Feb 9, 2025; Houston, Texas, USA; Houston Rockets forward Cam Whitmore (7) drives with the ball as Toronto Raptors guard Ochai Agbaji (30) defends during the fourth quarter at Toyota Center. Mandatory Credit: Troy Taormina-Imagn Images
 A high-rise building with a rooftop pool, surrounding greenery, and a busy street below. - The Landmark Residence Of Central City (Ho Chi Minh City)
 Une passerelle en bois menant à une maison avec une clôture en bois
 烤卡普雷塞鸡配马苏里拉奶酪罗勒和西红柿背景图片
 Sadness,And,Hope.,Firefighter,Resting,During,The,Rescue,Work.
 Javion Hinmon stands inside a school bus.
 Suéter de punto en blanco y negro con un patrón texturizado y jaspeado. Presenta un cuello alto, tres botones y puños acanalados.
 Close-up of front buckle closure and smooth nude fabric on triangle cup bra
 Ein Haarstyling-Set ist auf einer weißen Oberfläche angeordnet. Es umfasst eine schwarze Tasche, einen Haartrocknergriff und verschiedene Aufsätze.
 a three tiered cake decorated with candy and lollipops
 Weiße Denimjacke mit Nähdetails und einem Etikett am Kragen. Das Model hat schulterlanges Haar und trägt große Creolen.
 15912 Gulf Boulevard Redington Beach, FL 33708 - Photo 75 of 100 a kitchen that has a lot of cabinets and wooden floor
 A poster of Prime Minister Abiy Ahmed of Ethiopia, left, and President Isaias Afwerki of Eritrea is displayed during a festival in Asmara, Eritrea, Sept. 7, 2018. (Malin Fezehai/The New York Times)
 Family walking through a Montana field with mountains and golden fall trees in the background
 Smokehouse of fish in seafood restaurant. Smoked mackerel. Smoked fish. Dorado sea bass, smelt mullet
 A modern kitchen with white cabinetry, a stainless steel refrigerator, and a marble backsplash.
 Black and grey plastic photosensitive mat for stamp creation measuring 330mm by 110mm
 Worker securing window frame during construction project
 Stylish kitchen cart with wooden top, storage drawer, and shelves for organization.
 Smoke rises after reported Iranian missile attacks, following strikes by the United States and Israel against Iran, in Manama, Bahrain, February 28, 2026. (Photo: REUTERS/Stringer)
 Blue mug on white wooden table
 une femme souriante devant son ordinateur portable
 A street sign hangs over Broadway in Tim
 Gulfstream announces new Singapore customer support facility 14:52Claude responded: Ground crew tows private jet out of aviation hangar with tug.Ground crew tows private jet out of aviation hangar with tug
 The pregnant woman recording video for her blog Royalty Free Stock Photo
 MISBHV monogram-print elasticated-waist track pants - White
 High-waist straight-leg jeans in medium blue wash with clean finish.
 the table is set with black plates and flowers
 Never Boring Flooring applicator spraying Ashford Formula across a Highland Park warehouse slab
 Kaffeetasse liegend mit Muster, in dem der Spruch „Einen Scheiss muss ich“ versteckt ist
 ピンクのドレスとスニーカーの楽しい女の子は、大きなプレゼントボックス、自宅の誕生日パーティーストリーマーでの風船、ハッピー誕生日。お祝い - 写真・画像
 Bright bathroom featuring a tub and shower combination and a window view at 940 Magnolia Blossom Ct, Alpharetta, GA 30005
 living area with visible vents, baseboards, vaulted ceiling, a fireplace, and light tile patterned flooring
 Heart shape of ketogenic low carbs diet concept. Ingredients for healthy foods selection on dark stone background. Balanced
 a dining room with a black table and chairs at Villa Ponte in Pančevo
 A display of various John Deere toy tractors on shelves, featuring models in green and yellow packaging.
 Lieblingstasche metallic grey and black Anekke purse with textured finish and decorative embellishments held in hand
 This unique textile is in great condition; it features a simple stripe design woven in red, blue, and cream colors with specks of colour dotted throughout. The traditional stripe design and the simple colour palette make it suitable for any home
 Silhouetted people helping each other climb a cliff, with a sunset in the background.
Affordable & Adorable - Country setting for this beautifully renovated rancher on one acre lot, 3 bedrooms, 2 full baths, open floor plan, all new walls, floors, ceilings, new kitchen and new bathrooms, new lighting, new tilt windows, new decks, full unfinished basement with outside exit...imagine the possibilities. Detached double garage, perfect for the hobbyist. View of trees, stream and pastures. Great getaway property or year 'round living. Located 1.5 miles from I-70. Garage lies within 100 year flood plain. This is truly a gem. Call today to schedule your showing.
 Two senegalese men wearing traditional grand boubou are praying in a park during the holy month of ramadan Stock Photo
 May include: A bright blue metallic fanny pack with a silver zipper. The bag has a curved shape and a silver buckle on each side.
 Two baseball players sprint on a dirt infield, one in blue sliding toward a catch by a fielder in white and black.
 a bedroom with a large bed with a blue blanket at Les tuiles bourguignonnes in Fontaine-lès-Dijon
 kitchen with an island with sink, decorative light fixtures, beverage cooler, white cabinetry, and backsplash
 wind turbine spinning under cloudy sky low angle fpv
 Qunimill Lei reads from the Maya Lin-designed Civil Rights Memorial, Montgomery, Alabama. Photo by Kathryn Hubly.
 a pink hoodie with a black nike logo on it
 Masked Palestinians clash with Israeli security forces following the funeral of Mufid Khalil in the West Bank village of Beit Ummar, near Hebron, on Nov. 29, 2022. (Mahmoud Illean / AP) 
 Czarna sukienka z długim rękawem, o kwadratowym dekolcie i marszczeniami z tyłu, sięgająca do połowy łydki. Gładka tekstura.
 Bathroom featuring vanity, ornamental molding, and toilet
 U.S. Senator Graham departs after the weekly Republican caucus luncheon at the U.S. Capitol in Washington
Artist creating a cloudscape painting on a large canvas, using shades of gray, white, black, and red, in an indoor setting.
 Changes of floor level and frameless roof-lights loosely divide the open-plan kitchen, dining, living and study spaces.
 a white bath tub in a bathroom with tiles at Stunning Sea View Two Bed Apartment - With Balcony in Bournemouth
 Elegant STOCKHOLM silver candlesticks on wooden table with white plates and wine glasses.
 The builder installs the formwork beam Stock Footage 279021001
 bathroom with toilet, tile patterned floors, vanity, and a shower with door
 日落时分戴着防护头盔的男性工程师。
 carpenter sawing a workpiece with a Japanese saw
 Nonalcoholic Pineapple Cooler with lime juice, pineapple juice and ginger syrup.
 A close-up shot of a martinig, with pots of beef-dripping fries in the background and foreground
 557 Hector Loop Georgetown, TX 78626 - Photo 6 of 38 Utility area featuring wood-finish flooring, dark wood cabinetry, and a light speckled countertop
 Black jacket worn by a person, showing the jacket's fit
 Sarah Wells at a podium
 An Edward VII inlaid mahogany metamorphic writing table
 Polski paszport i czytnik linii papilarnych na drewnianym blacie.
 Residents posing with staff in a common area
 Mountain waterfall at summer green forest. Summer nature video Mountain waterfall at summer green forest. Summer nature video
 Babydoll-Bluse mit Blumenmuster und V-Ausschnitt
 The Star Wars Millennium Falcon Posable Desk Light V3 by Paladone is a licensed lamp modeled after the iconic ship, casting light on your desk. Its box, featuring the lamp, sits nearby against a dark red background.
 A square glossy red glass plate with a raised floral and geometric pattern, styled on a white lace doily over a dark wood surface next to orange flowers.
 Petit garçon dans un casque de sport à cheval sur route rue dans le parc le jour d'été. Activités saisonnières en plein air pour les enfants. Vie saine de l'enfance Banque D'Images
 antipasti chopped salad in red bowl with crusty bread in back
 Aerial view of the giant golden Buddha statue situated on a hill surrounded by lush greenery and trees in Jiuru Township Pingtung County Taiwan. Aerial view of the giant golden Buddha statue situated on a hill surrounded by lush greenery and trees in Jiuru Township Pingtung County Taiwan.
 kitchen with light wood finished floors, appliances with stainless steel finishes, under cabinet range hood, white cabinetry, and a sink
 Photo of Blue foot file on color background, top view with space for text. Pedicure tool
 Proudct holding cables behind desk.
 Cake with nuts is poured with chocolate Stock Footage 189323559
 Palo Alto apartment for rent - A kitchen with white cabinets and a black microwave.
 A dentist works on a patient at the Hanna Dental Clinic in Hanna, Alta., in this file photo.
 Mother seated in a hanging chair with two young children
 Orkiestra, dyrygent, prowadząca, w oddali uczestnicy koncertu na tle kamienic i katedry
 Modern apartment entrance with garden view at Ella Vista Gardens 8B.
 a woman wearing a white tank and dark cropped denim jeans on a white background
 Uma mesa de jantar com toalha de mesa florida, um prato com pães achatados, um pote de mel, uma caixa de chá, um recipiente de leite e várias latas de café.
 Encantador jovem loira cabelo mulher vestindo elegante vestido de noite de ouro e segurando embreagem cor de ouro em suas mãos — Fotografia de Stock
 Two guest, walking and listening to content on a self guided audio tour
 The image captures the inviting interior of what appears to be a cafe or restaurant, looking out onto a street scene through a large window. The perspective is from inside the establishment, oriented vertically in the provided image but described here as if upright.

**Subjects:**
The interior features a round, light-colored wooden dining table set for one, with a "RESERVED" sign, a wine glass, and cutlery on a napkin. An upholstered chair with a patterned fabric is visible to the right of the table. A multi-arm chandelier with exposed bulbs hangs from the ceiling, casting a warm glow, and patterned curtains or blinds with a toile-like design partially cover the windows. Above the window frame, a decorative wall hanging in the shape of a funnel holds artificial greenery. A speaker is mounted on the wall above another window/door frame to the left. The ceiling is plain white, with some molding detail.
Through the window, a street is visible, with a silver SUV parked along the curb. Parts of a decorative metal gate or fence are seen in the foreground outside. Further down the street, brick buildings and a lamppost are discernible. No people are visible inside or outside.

▶ _Prompt_
Reproduce the entries exactly, but only from their first line to the line holding "15912 Gulf Boulevard", with that last line kept.

▶ _Reply_
Feb 9, 2025; Houston, Texas, USA; Houston Rockets forward Cam Whitmore (7) drives with the ball as Toronto Raptors guard Ochai Agbaji (30) defends during the fourth quarter at Toyota Center. Mandatory Credit: Troy Taormina-Imagn Images
 A high-rise building with a rooftop pool, surrounding greenery, and a busy street below. - The Landmark Residence Of Central City (Ho Chi Minh City)
 Une passerelle en bois menant à une maison avec une clôture en bois
 烤卡普雷塞鸡配马苏里拉奶酪罗勒和西红柿背景图片
 Sadness,And,Hope.,Firefighter,Resting,During,The,Rescue,Work.
 Javion Hinmon stands inside a school bus.
 Suéter de punto en blanco y negro con un patrón texturizado y jaspeado. Presenta un cuello alto, tres botones y puños acanalados.
 Close-up of front buckle closure and smooth nude fabric on triangle cup bra
 Ein Haarstyling-Set ist auf einer weißen Oberfläche angeordnet. Es umfasst eine schwarze Tasche, einen Haartrocknergriff und verschiedene Aufsätze.
 a three tiered cake decorated with candy and lollipops
 Weiße Denimjacke mit Nähdetails und einem Etikett am Kragen. Das Model hat schulterlanges Haar und trägt große Creolen.
 15912 Gulf Boulevard Redington Beach, FL 33708 - Photo 75 of 100 a kitchen that has a lot of cabinets and wooden floor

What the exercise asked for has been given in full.